Now the two men stood beneath one of the massive live oaks that thrust their mossy arms to the summer sky across Yoder's six acres of waterfront on a branch of the Fish River, studying the patch of yard gone to shit swamp. When breezes lifted, along with the undeniable stench, a chorus of clatters and clacks and tinklings and knockings rose and fell from the scores of wind chimes hanging from branches, from hooks on porches, from posts on the wharf and the pier, from the trash-can corral Gary had built to keep away the raccoons, armadillos, and possums.

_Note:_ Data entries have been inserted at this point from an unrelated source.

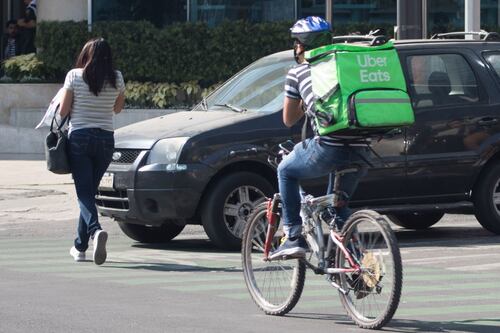 Hacienda y las mismas apps se 'chupan' hasta el 50% de los ingresos de choferes y repartidores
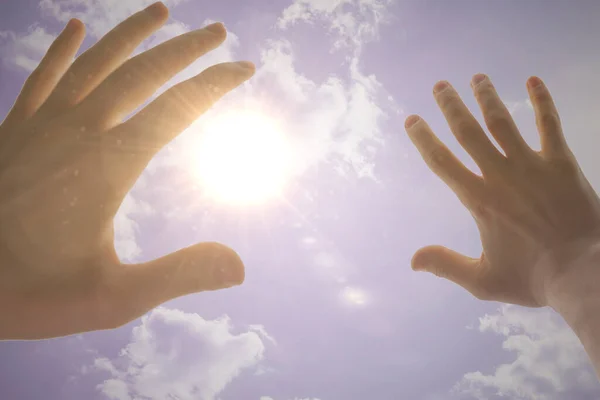 Ludzka ręka zakrywa się przed uderzeniem światła słonecznego z nieba, widok pierwszej osoby — Zdjęcie stockowe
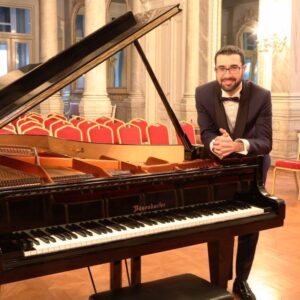 Photographie portrait de Güray Basol, professeur de piano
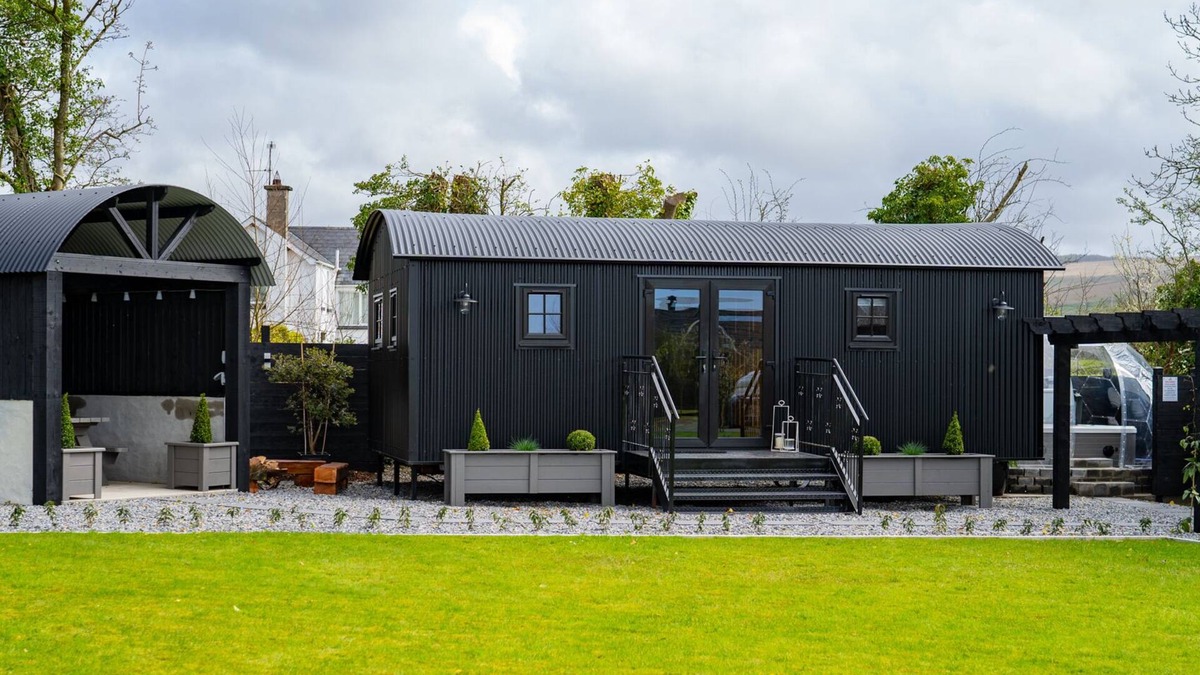 Limavady Cabin | Charming Lodge in Limavady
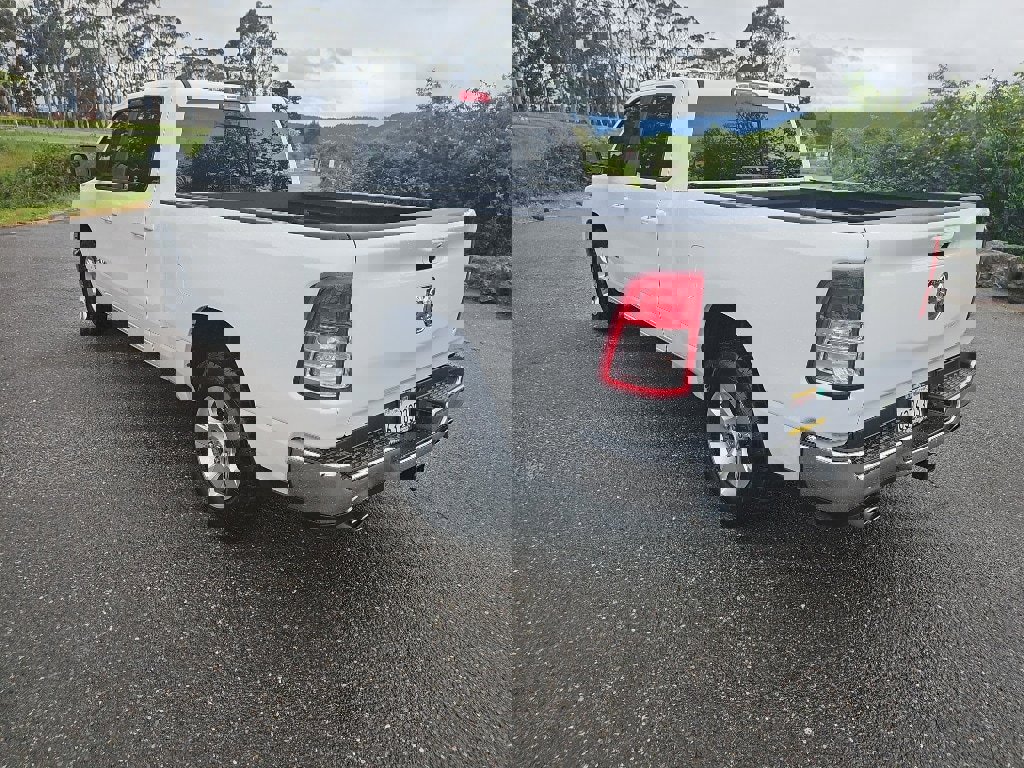 Used 2021 RAM 1500 Big Horn image 3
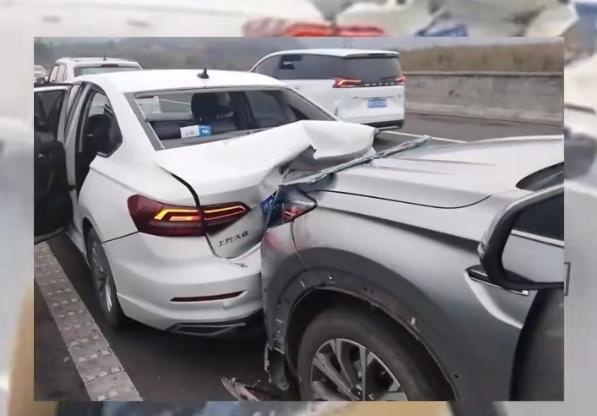 再烂也要回家过年 车坚强感动万千网友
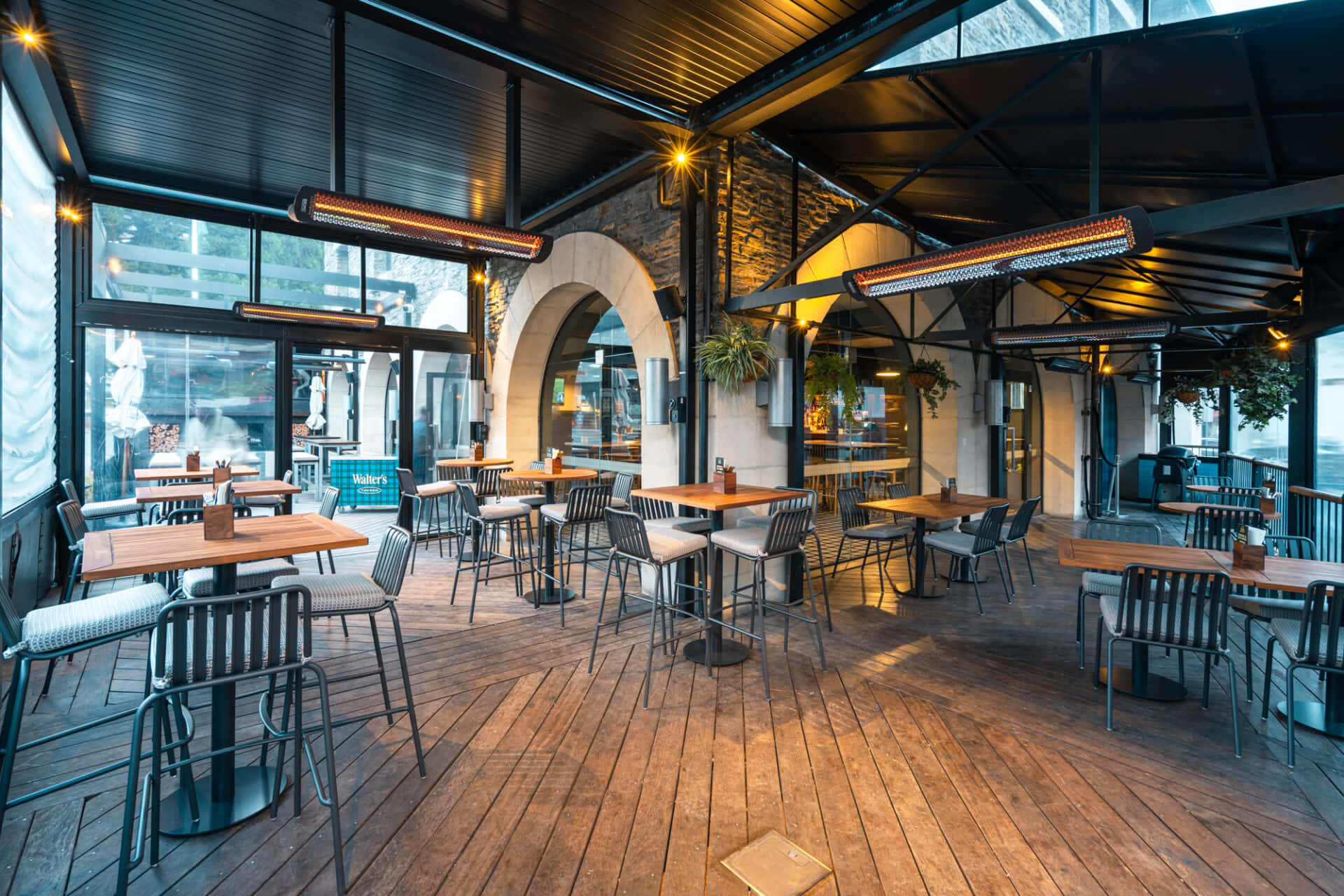 Venue Exclusive 0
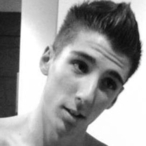 Pour dialoguer avec maxthedouche, telechargez son Messenger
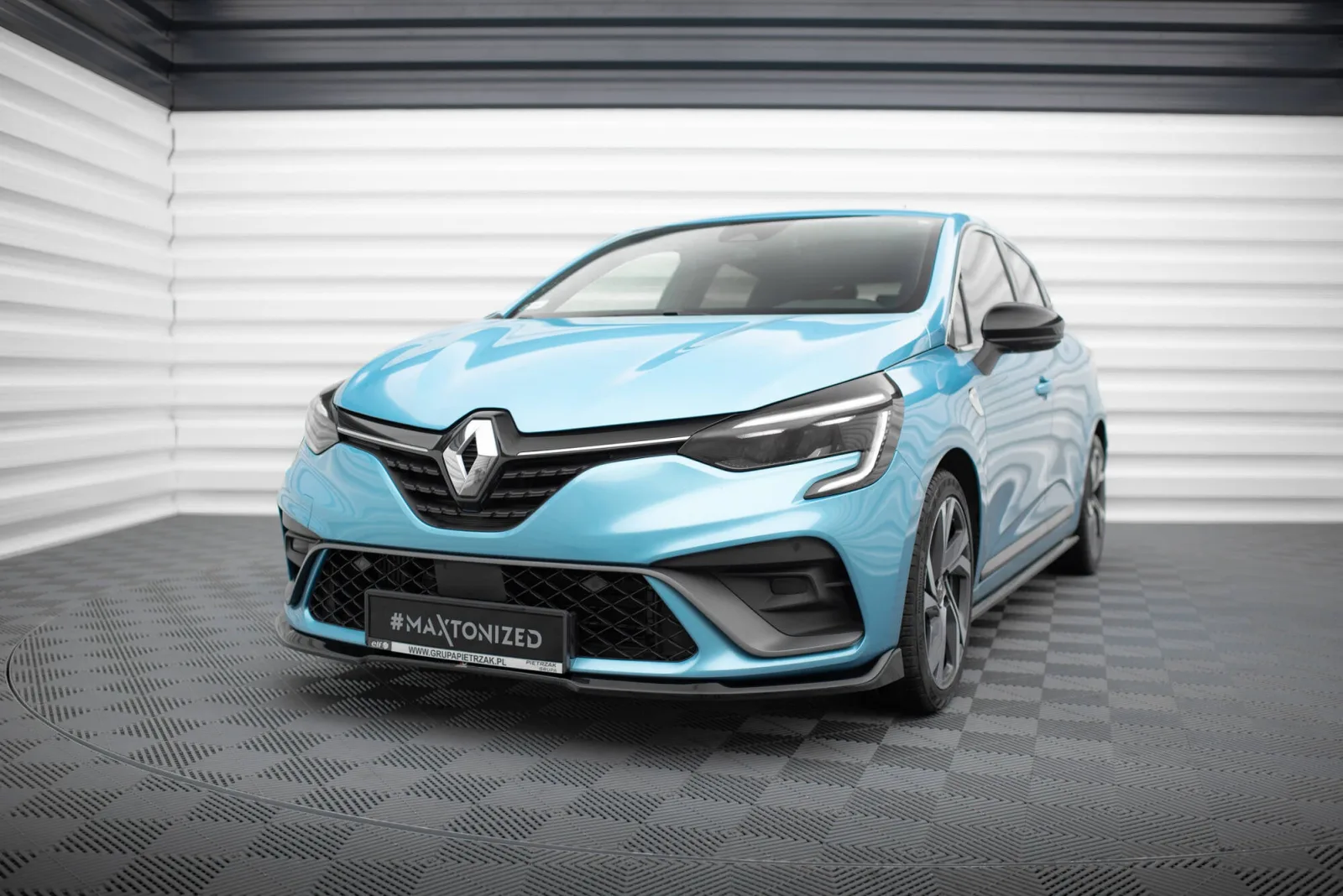 Front Splitter V.1 compatible with Renault Clio R.S. Line Mk5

Gary was handy that way.
The noisy mobiles, though, were all fashioned by Yoder's own hands, inspired by a fragmenting mind, that willy-nilly mishmash of chimes, along with paintings on plywood, palettes of muddy browns, reds, oranges; even murals painted onto the asbestos-shingled sides of his river house. His gnarled but nimble fingers strung together the cacophonous orchestra of objects tied onto lengths of fishing lines, knotted through the boards of driftwood or stripped sapling limbs or guitar necks or whatever, from which the lines dangled. He used all sorts of materials too, for the chimes themselves: old costume jewelry, a deconstructed clarinet, wooden kitchenware, beer cans, women's stilettos, anything at all. "I make art out of junk," he liked to boast. "I'm environmentally friendly that way."
But here was Gary Wright's dumb ass claiming Yoder was a major polluter, right up there with the goddam BP criminals who had ruined the gulf this past spring. Now into full-bore summer, the beaches from NOLA to Apalachicola were so gummed up with the crude that business owners along the coast were yelling bloody murder.